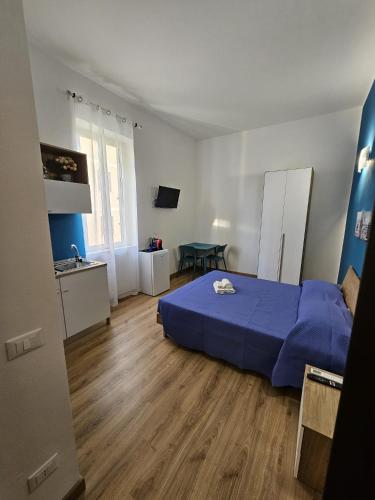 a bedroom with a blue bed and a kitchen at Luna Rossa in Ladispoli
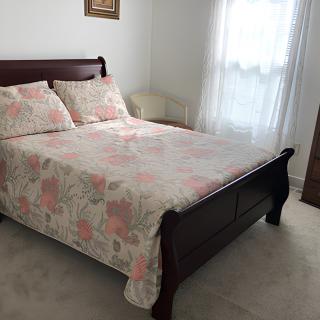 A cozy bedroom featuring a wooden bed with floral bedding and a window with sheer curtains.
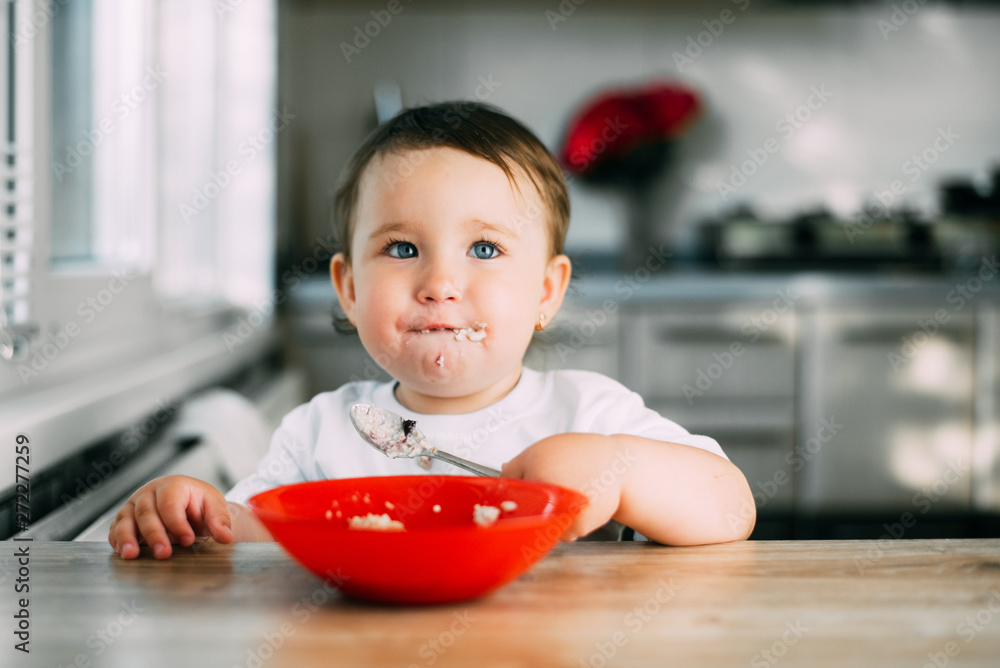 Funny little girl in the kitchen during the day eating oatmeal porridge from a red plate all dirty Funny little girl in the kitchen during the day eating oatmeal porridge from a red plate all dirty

──────

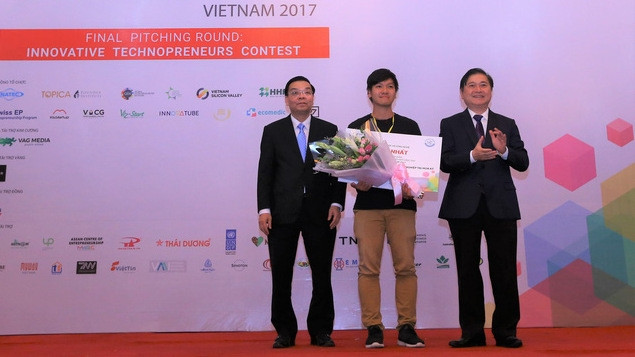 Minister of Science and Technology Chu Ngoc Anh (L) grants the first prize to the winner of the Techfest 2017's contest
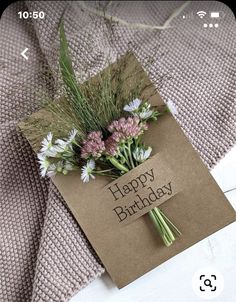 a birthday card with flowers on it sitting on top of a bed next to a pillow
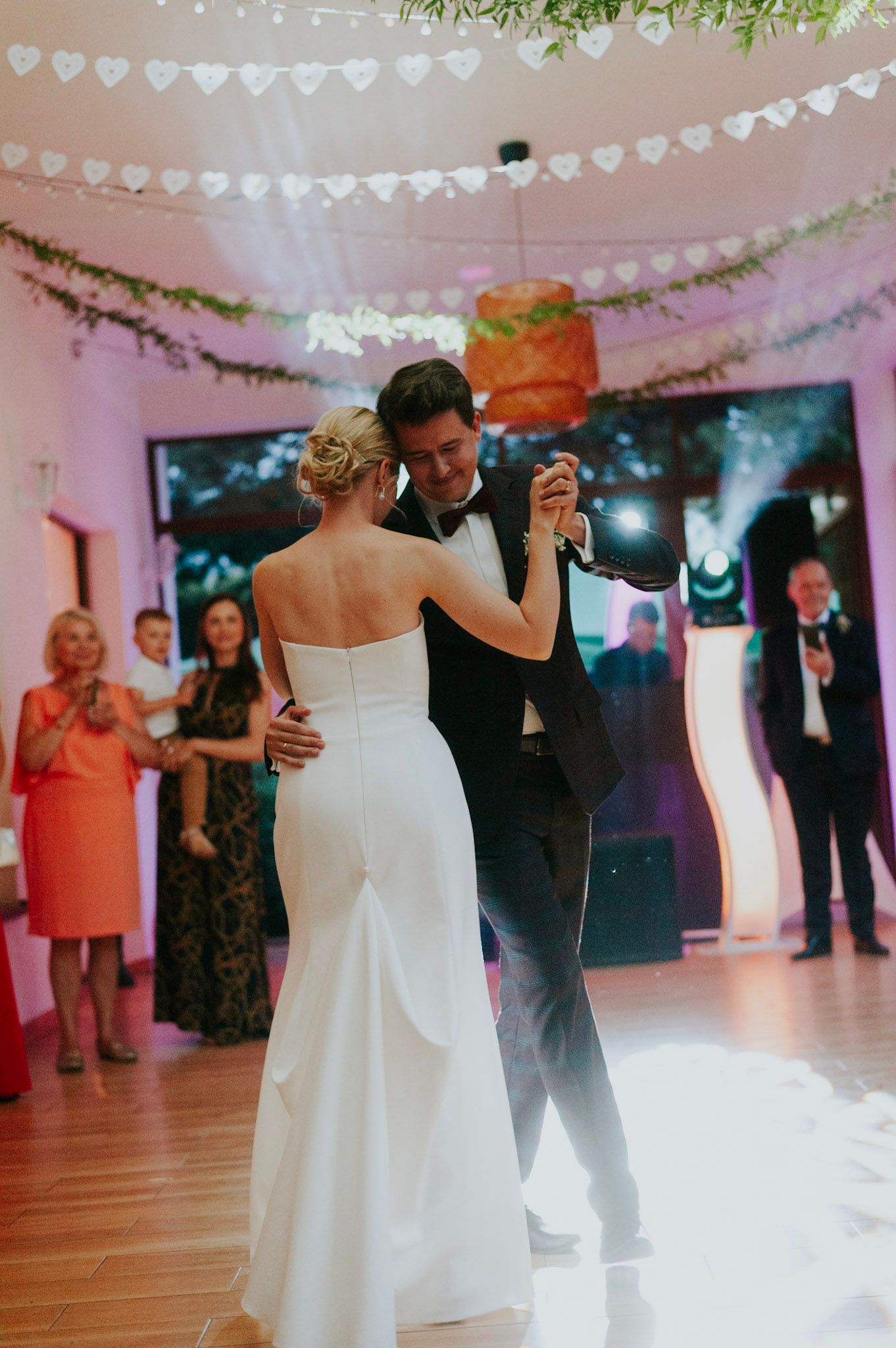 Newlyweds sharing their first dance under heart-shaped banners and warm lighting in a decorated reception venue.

──────

- **TASK GOAL**:
Above are entries with pictures among them. Write out exactly the lines from the one containing "a birthday card" through the one containing "Newlyweds sharing their", ends included, and leave those pictures out.

- **SOLUTION TO THE EXERCISE**:
 a birthday card with flowers on it sitting on top of a bed next to a pillow
 Newlyweds sharing their first dance under heart-shaped banners and warm lighting in a decorated reception venue.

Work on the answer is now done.